理由① 配送需要が高く、ECサイトと相性が良い
一般的に、店舗がECサイトに勝る点は以下です。
・配送料がかからない
・商品を手に取って確認できる
・スタッフの接客を受けることができる
しかし、家具や大型家電などは、店舗であっても販売在庫は倉庫保管のため「商品をすぐに手に入れることができる」あるいは「配送料がかからない」というメリットがありませんので、この点は、ECサイトの利用が進んでいる理由と言えるでしょう。

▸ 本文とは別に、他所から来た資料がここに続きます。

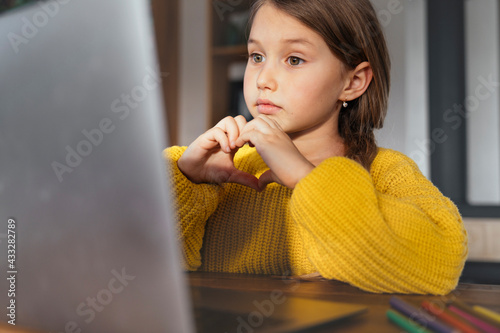 Cute little girl making heart shape with hand during video call on laptop at home photo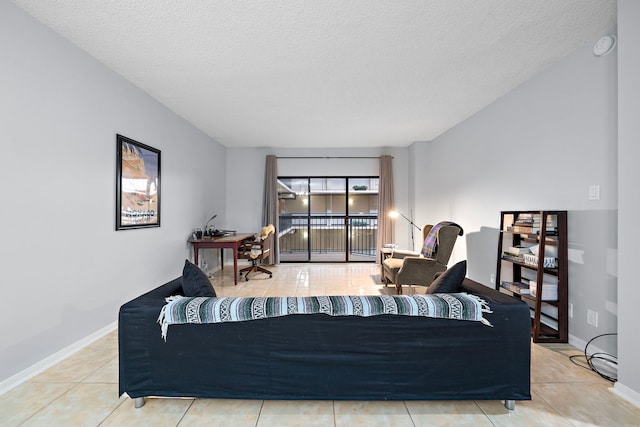 living room featuring tile patterned flooring, baseboards, and a textured ceiling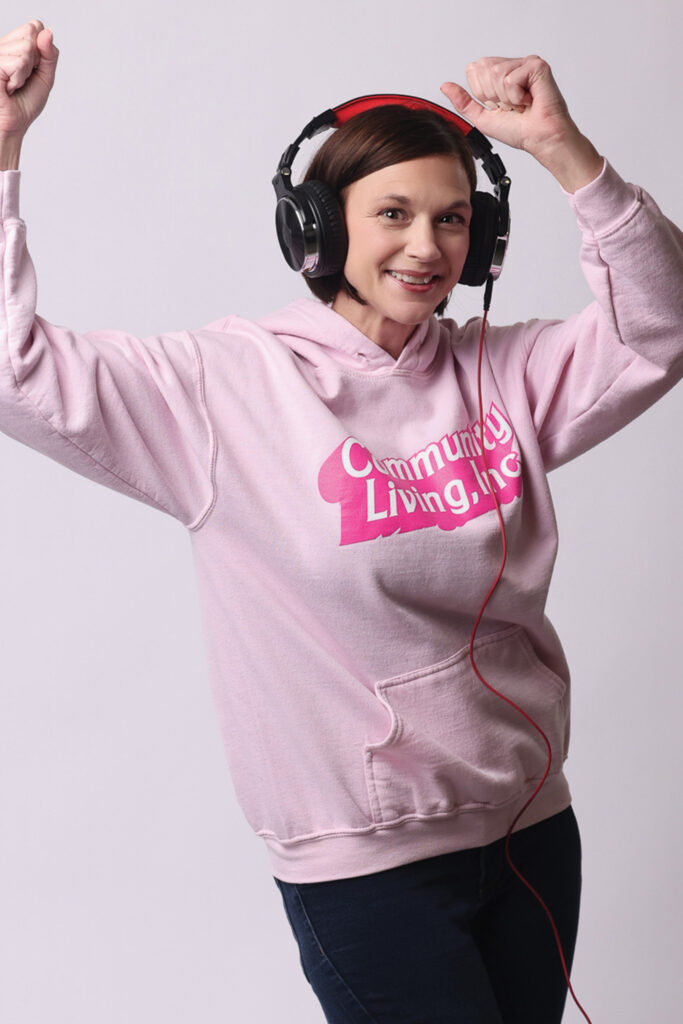 Jenn Braden wearing a pink hoodie and headphones while dancing with her arms in the air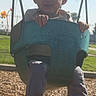 Jonathan joined the competition — help win amazing prizes! child, swing, playground, outdoor, toddler, grass, sunlight, fence, tree, clothing, shoes, socks, woodchips, person, play, daytime, park, seat, hands, legs
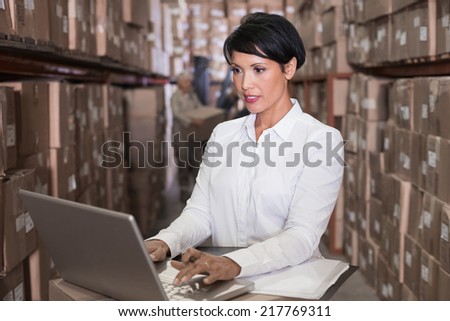 Pretty warehouse manager using laptop in a large warehouse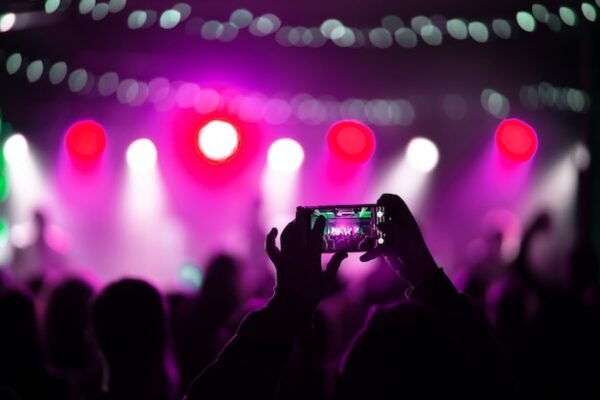 close up recording video with smartphone during concert 1153 7310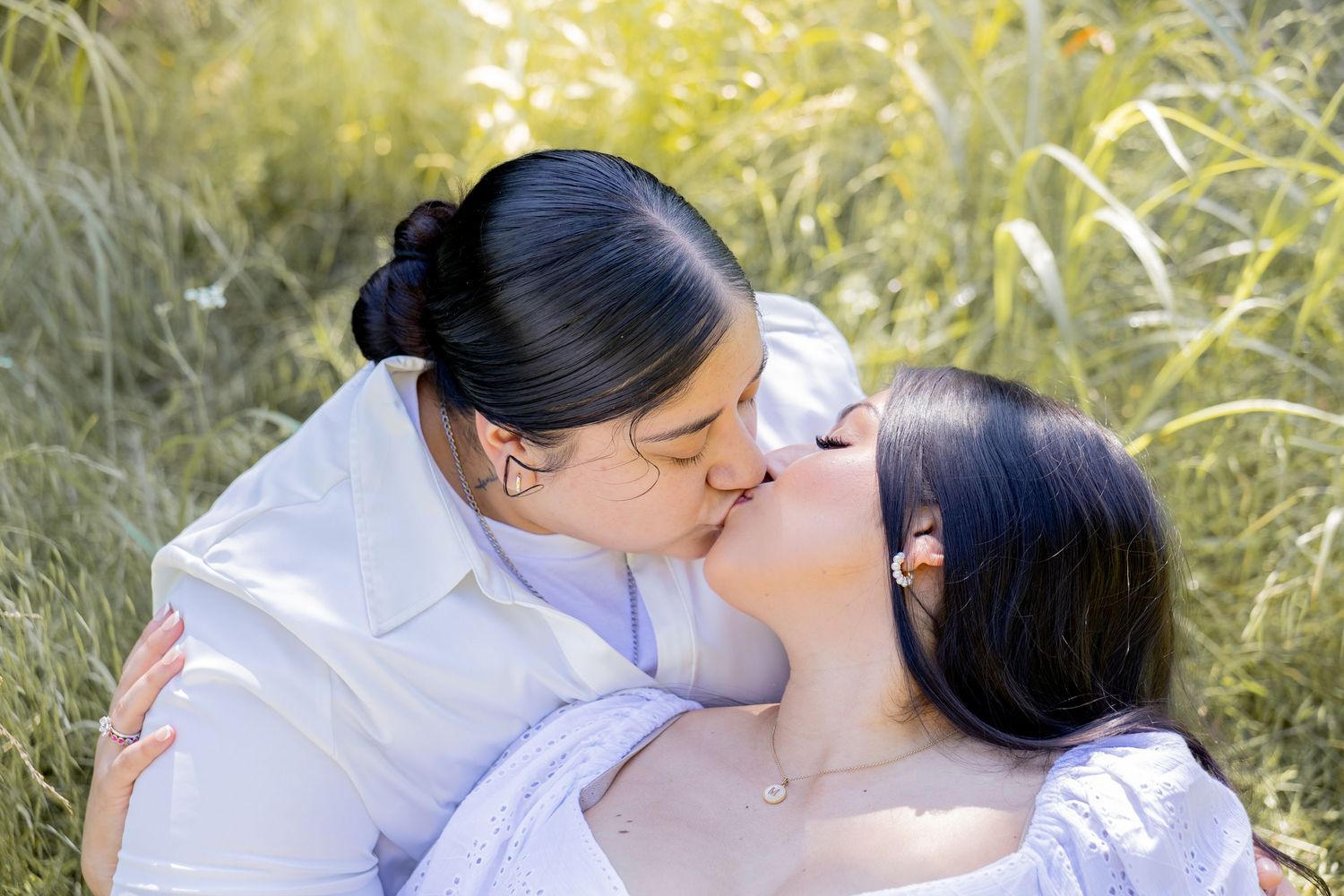 Two women share a romantic kiss while sitting together in a sunlit field of tall green grass.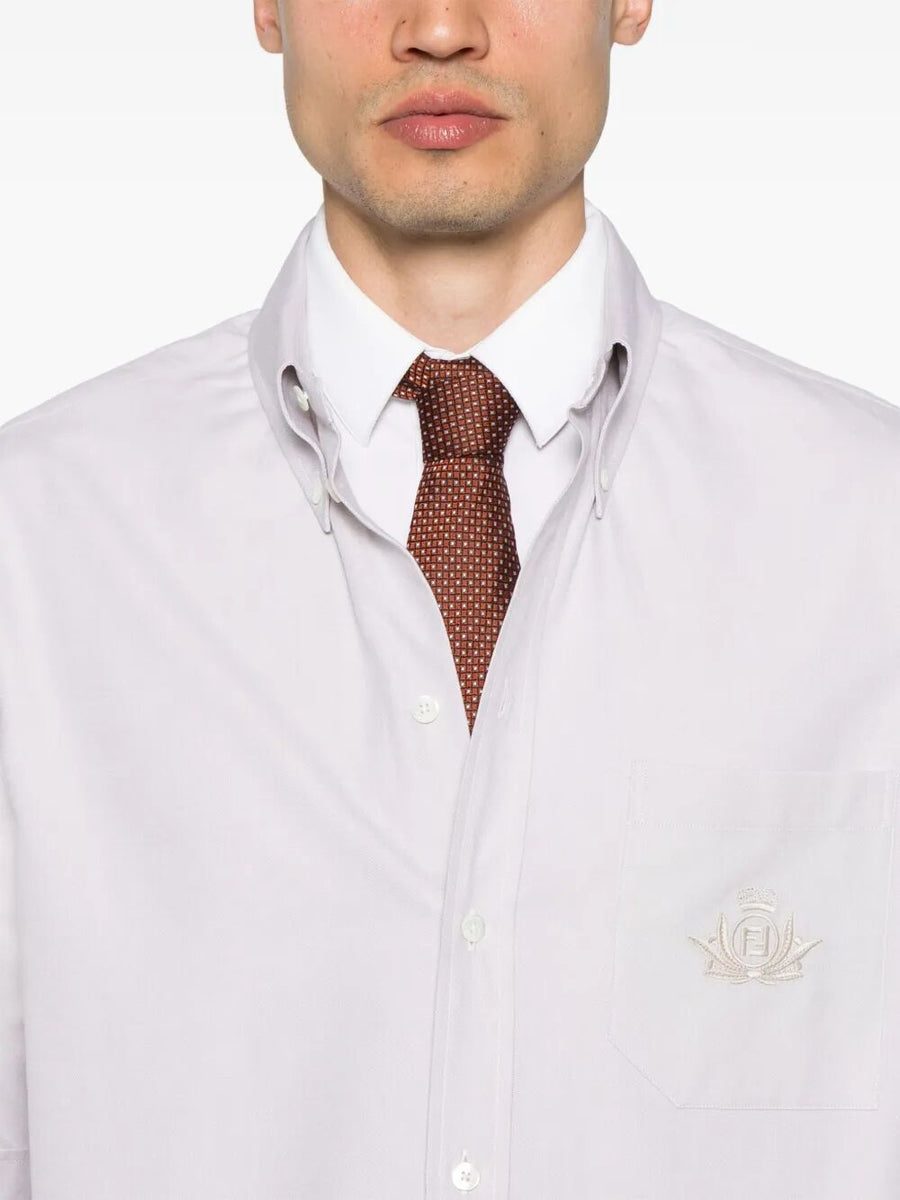 Close-up of Fendi blouses hardware and fine stitching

また、店舗に訪れた人が、その場では購入せずに後日ECサイトを利用して購入するケースも想定されることから、店舗でもECサイトでも配送が必要になる点は、やはりECの利用が進む大きな要因と言えます。
理由② ECサイトの方が価格を比較しやすい
とにかく、安い家具を探したいという場合は、ECサイトの方が簡単に見つけることができます。例えばモール型サイトの楽天市場には、数多くの商品が出店されているため、単に安いというだけではなく、自分好みのデザインや使い勝手の商品を比較して探すことができます。この点も店舗にはない、ECサイトのメリットです。
理由③自宅にいた方が、部屋のスペースを確認して家具を検討しやすい
店舗で良い大型家具を見つけた場合、気になるのが自分の部屋に設置できるかどうかという点でしょう。筆者の家族も、店舗で購入してきた棚が、自宅の想定したスペースに入らなかった、という経験があります。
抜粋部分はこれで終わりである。